I've got two special matrices I'm trying to diagonalize :
The Z matrix :$$\begin{bmatrix} 1&1&\cdots&1&1\ \\&&&1 \\&&\diagup \\&1 \\1&1&\cdots&1&1 \end{bmatrix}$$ (all the other members are $0$)
And the X matrix :
$$\begin{bmatrix} a&0&\cdots&0&b\ \\0&\ddots&&\diagup&0 \\\vdots&&&&\vdots \\0&\diagup&&\ddots&0 \\b&0&\cdots&0&a \end{bmatrix}$$
The member in the middle may be $a$ or $b$, it is not specified so I guess (?) the result doesn't depend on that.
The exercise does not say anything more, so I guess we have to do the cases $a,b\in\mathbb{R}$ and $a,b\in\mathbb{C}$.
PS : if possible, please replace the \diagup by the appropriated dots and remove this comment
For the matrix $Z$, there is an eigenvalue $0$ associated with the eigenvector $e_1-e_n$ (where $n$ is the dimension of $Z$ and $e_i$ denotes the $i$th column of the identity matrix), an eigenvalue $2$ with the eigenvector $e_1+e_n$. Next, there an eigenvalue $1$ with the multiplicity $\lceil (n-2)/2\rceil$ and eigenvectors $e_1+e_n-\frac{1}{2}(e_{i+1}+e_{n-i})$, $i=1,\ldots,\lceil (n-2)/2\rceil$. Finally, the eigenvalue $-1$ has the multiplicity $\lfloor (n-2)/2\rfloor$ and corresponding eigenvectors $e_{i+1}-e_{n-i}$, $i=1,\ldots,\lfloor (n-2)/2\rfloor$.
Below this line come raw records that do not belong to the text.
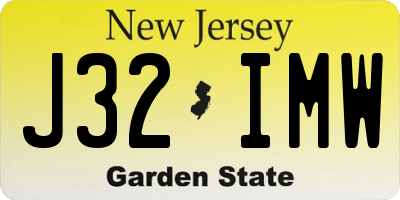 NJ license plate J32IMW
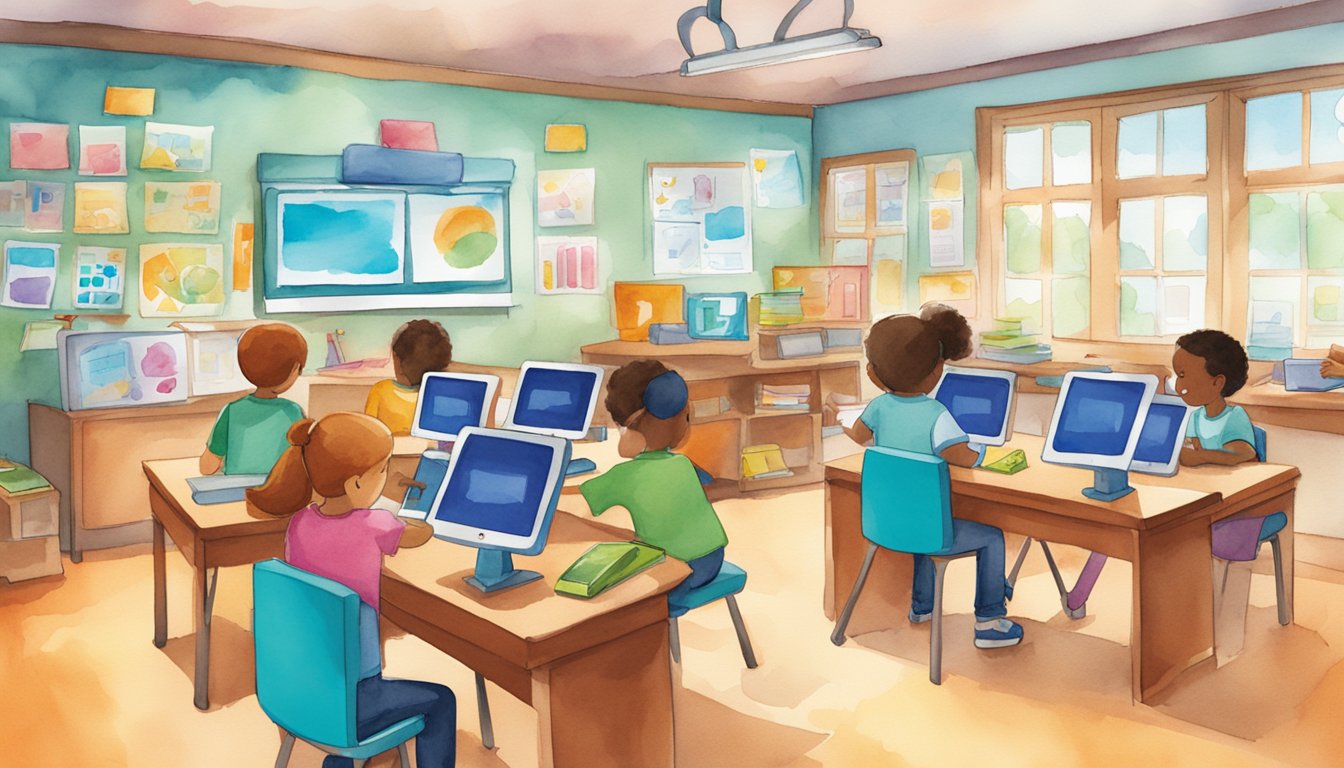 A classroom with colorful computers and tablets, displaying BrainPOP Jr. logo.</p><p>Children are engaged in interactive learning activities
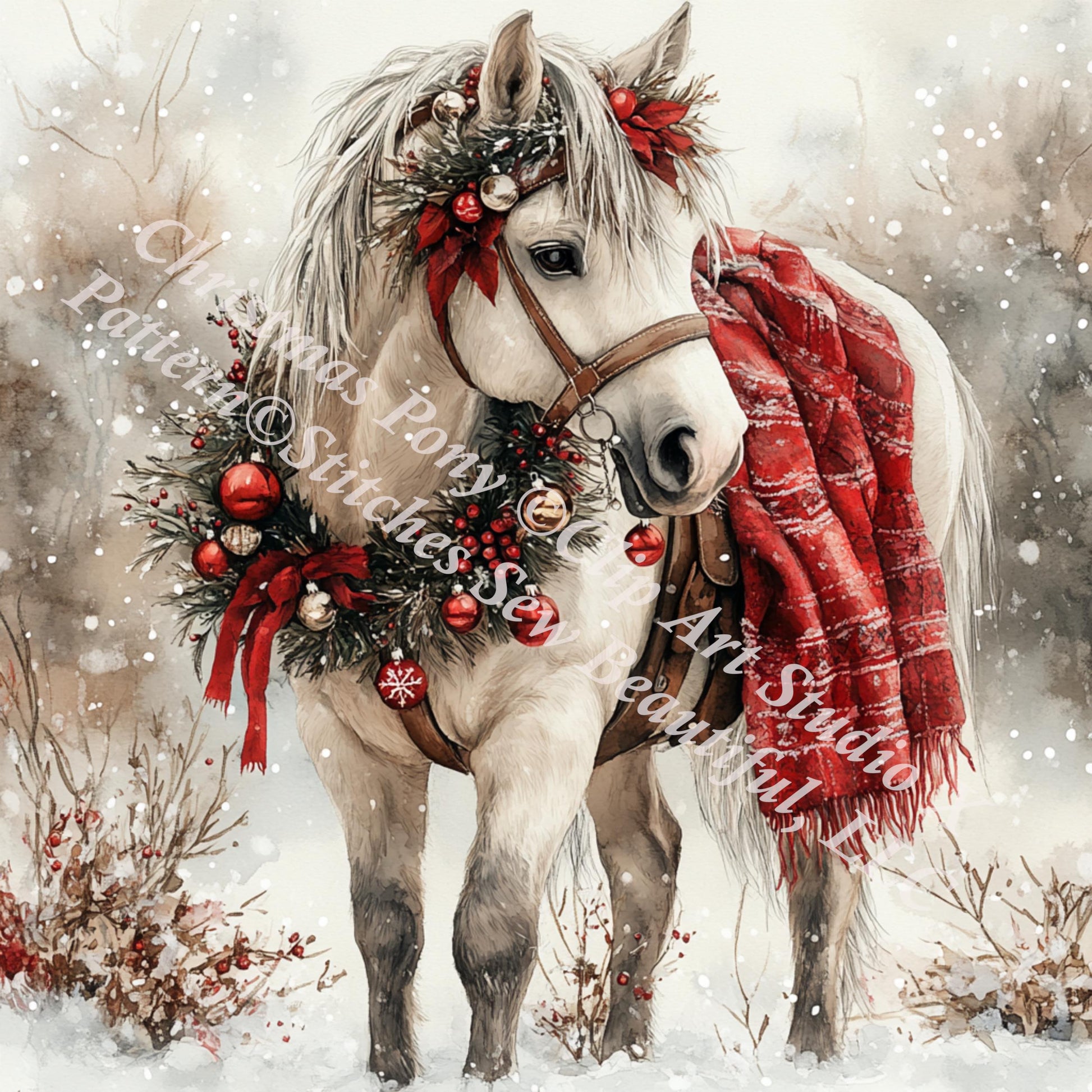 Christmas Pony (Max Size/Color) counted cross stitch pattern by Clip Art Studio X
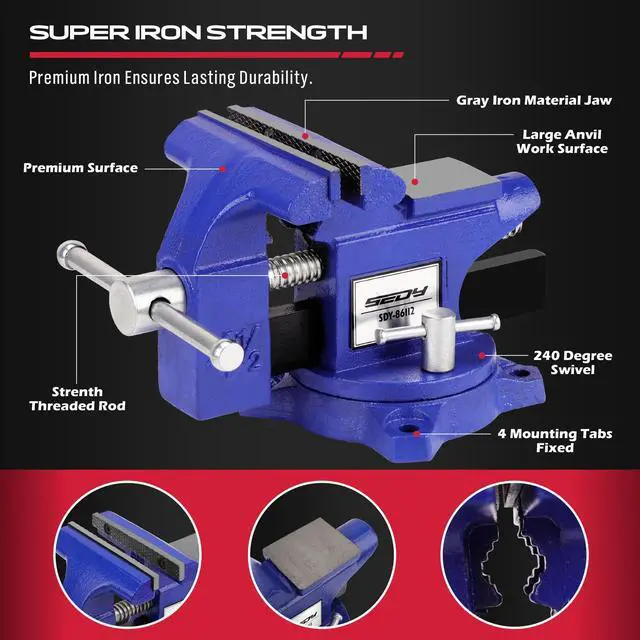 Alt view image 3 of 7 - Heavy Duty Bench Vise 4.5 Inch: Table Clamp Woodworking Vice Press Drill Tools Workbench Wood Metal Pipe Work Shop Block Swivel Slide Cross Welding Machine Kit Milling Grip Precision Magnetic Jaw Pad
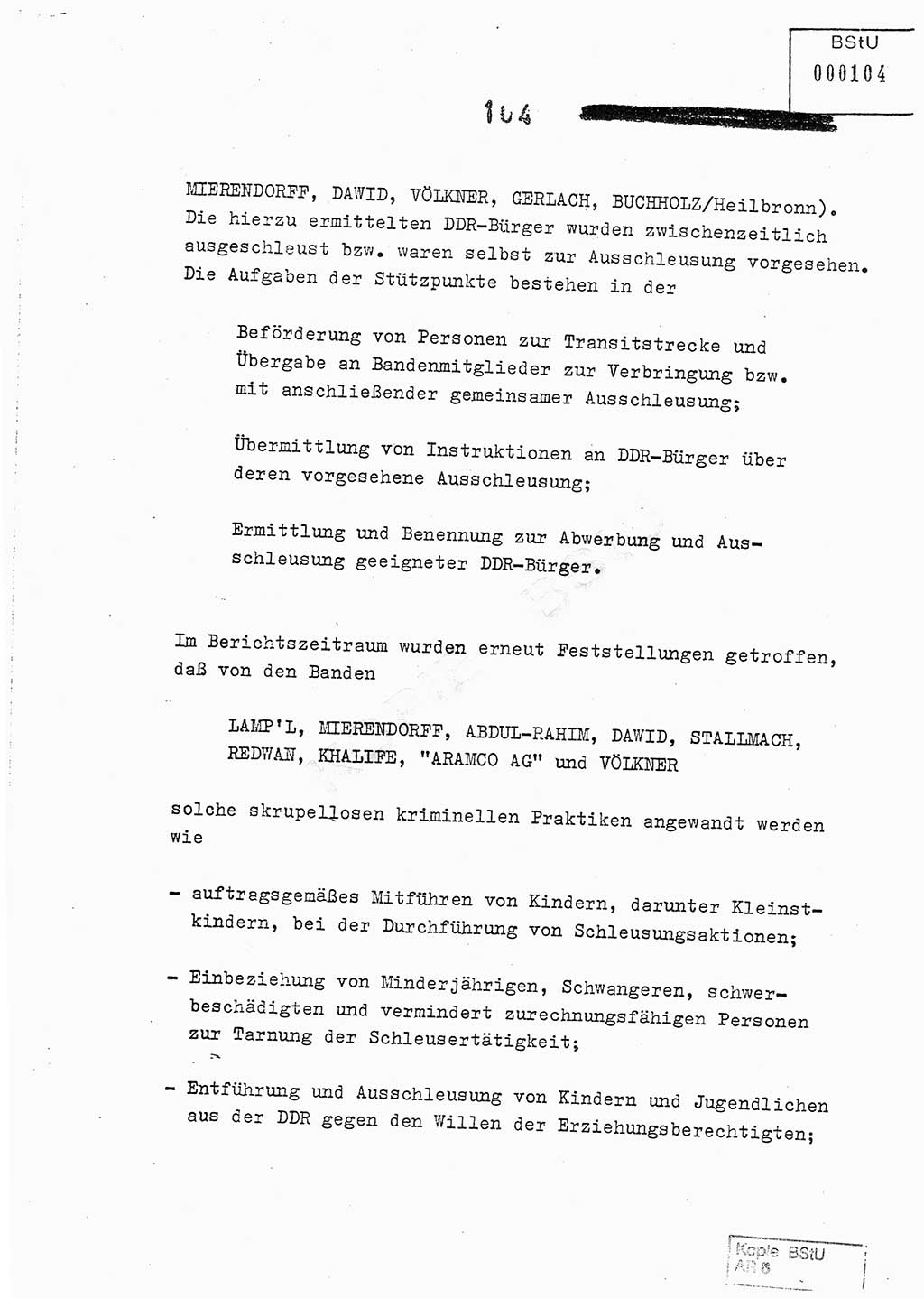 Jahresbericht der Hauptabteilung (HA) Ⅸ 1978, Analyse über die Entwicklung und die Wirksamkeit der politisch-operativen Arbeit der Linie Ⅸ im Jahre 1978, Ministerium für Staatssicherheit (MfS) der Deutschen Demokratischen Republik (DDR), Hauptabteilung Ⅸ, Berlin 1979, Seite 104 (Anal. MfS DDR HA Ⅸ /78 1979, S. 104)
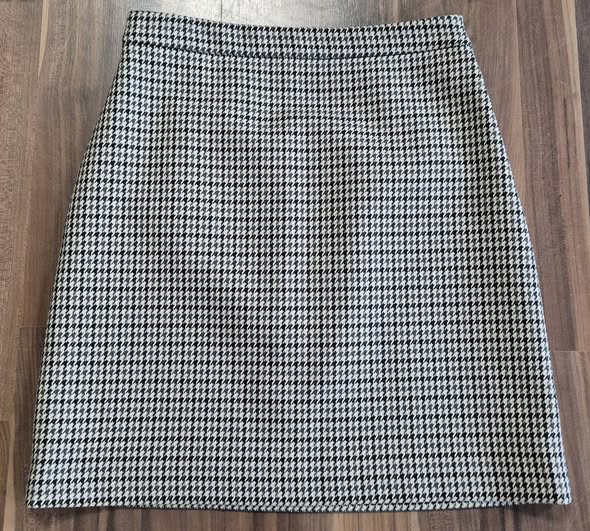 Rock " Hallhuber " Größe 36 in Beige/Schwarz/Grau/Hahnentritt 34% Viscose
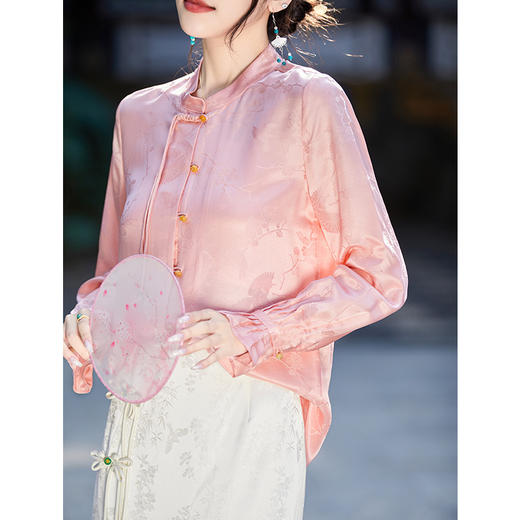 OPH  F2474重工提花真丝复古气质新中式衬衫立领盘扣桑蚕丝衬衣 商品图2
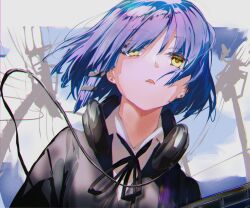  1girl black_jacket black_ribbon blue_hair blue_sky bocchi_the_rock! clouds collared_shirt commentary day earrings floating_hair fuuka_koji hair_between_eyes hair_ornament hairclip headphones headphones_around_neck highres jacket jewelry looking_at_viewer medium_hair neck_ribbon open_mouth outdoors parallel_hairclips ribbon shirt sky solo stud_earrings upper_body utility_pole white_shirt yamada_ryo yellow_eyes 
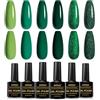 INPING Set di 6 smalti in gel scuro, matcha, scintillanti per nail art fai da te, 8 ml, colore: verde bosco nebbioso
Similarly for $X$. There are two or three groups of eigenvalues (depending on whether the matrix dimension $n$ is even or odd). Try the eigenvectors $v_i=e_i+e_{n-i+1}$, $i=1,\ldots,\lfloor n/2\rfloor$, and $v_i=e_i-e_{n-i+1}$ for $i=\lceil n/2+1\rceil,\ldots,n$ corresponding to the eigenvalues $a+b$ and $a-b$. For $n$ odd, the "middle" eigenvector can be chosen simply to be $v_{\lceil{n/2}\rceil}=e_{\lceil{n/2}\rceil}$ with the eigenvalue equal to whatever is on the diagonal there.